● Directions: Look in the material below for the line with "Group Electrogene 100 Kva DEUTZ مولد كهربائي" and the line with "HALDIRAMS ALL IN ONE 1KG", then set down exactly those two lines and all lines between, nothing more.

● Provided data:
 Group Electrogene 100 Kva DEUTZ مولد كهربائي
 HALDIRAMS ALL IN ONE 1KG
==
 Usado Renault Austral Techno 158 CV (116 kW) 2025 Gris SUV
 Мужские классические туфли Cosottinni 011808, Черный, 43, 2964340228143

● Response area:
 Group Electrogene 100 Kva DEUTZ مولد كهربائي
 HALDIRAMS ALL IN ONE 1KG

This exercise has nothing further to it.